Definition of social unit in English:

social unit


  • An individual, or a group or community, considered as a discrete constituent of a society or larger group.

    ‘Particularly in the countryside, the extended family is the primary social unit, as kin groups live together in relative isolation from other groups.’
    • ‘The nuclear family is the basic social unit of Egyptian society.’
    • ‘In traditional society, family stability is considered key for maintaining the stability of society as a whole, since the family is the smallest social unit of the society.’
    • ‘Instead, the basic social unit was the extended family, consisting of a man and wife and their unmarried children, along with their married sons and their families.’
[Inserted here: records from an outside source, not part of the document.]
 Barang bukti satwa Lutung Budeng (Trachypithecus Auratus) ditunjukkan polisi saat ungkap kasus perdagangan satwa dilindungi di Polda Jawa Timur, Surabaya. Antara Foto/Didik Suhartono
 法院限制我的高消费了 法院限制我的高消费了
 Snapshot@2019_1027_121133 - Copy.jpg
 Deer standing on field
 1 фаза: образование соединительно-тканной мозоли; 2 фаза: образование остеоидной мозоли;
    • ‘Historically, the family has been the basic social unit of the community.’
    • ‘Territorial encounters can also serve to integrate individuals within their own social unit.’
    • ‘The family remains the basic social unit, more important than the individual, despite the accelerated evolution of Andorran society.’
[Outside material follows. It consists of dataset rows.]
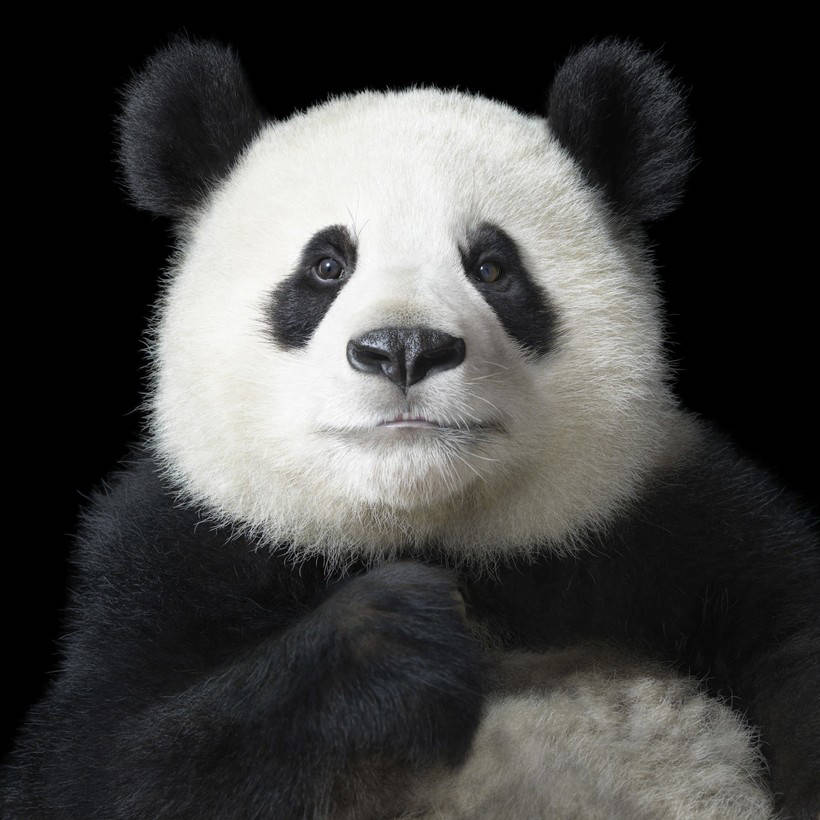 13 masterpieces of wild animals from the genius Tim Flach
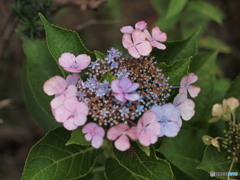 紫陽花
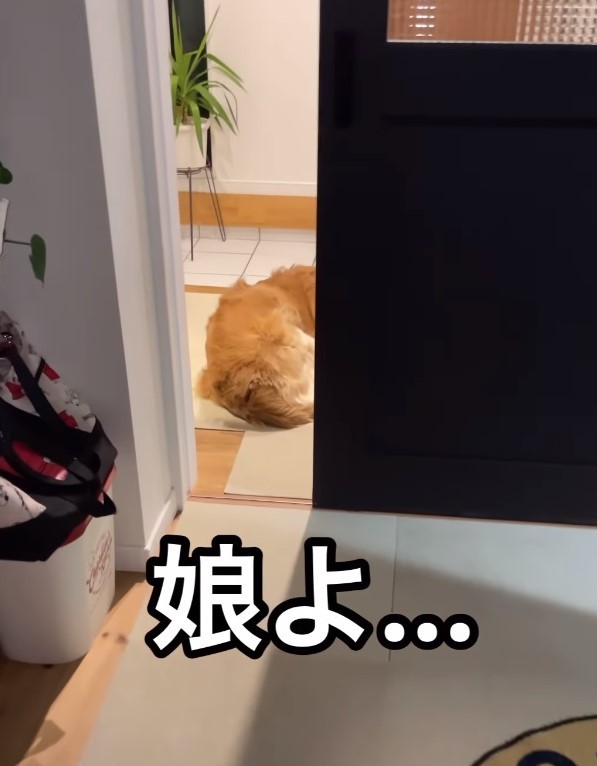 玄関前にいるのは？（飼い主のママさん提供、Instagramよりキャプチャ撮影）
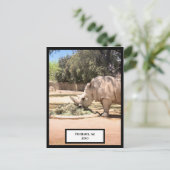 Carte postale Rhinoceros (Debout devant)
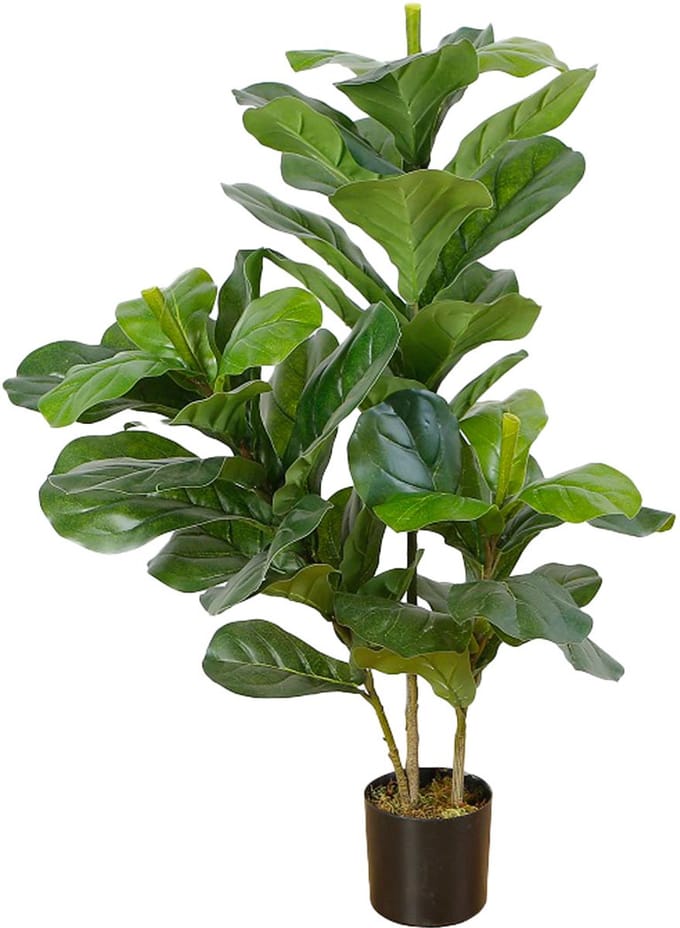 Lykke Kunstplant Vioolblad Vijgenboom 85cm
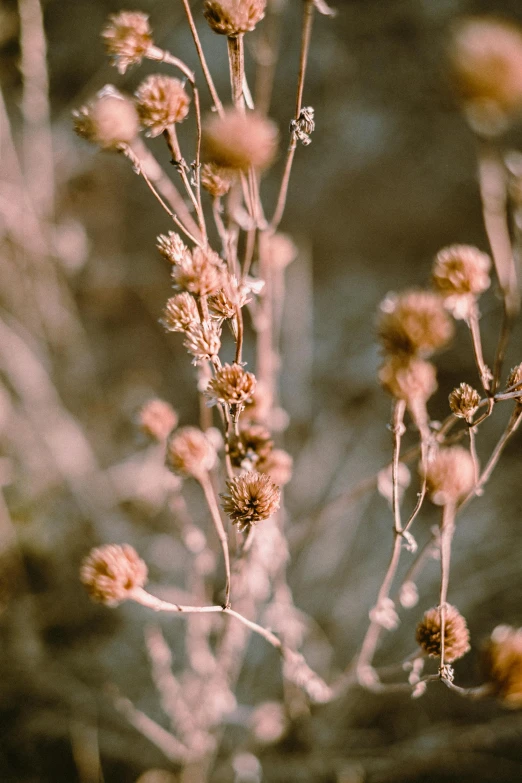 closeup view of plant growing out of ground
    • ‘Specifically, arranged marriages take place in societies where the extended family is both the basic social unit, and the basic economic unit, (and often the basic political unit) of the culture.’
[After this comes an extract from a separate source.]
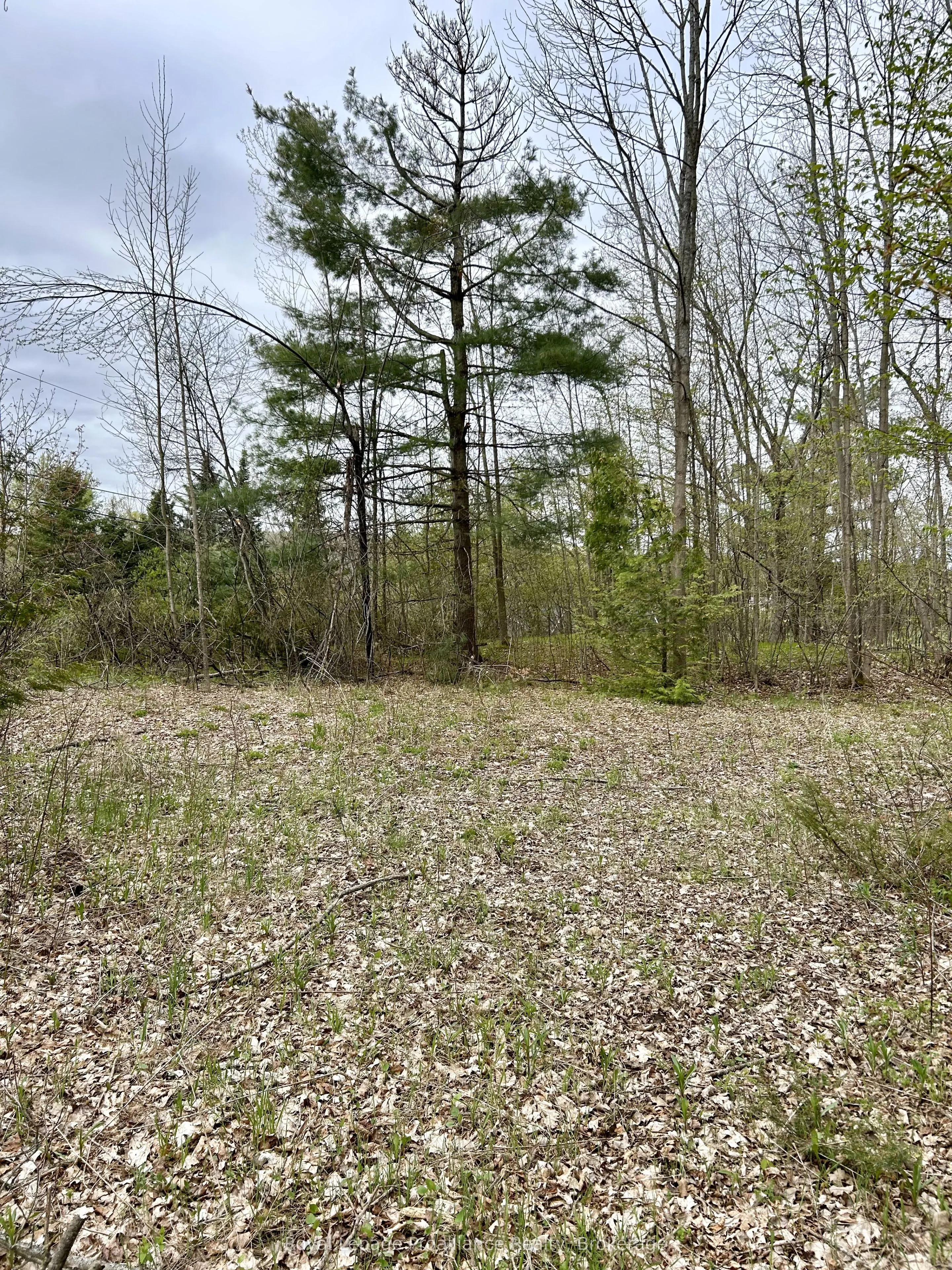 31 Glen Ridge Road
    • ‘Whether the family lives in an urban or rural setting, the extended family is the basic social unit.’
    • ‘In the authors' view, the family is the major social unit for emotional development in adolescents.’
    • ‘For many non-Western cultures, the family not the individual is regarded as the basic social unit.’
    • ‘In countries without a welfare system or social security system, the family bonds together not only as a social unit, but as an economic one as well.’
    • ‘In most areas of Nepal, the basic social unit in a village is the family, or paribar.’
    • ‘With the need to support larger, more stable social units came the intensification of the production of the most stable and storable resource available-maize.’
    • ‘Confucianism emphasizes the need to find one's place within the greater social order, and to be a responsible member of the social units to which one belongs.’
    • ‘In the army, the behavior of servicemen is more tightly regulated compared with other social units and institutions.’
    • ‘Without some form of recognized leadership and authority, social units are incapable of concerted action.’
    • ‘Clan and lineage systems are patrilineal and form the basis of Kanak social units for private land ownership.’
    • ‘The smallest social unit, or ‘love’ unit, is two people.’
    • ‘The difficulties created by a team approach and by other elements of the project were surmounted by the support, comfort, and connection of our social unit.’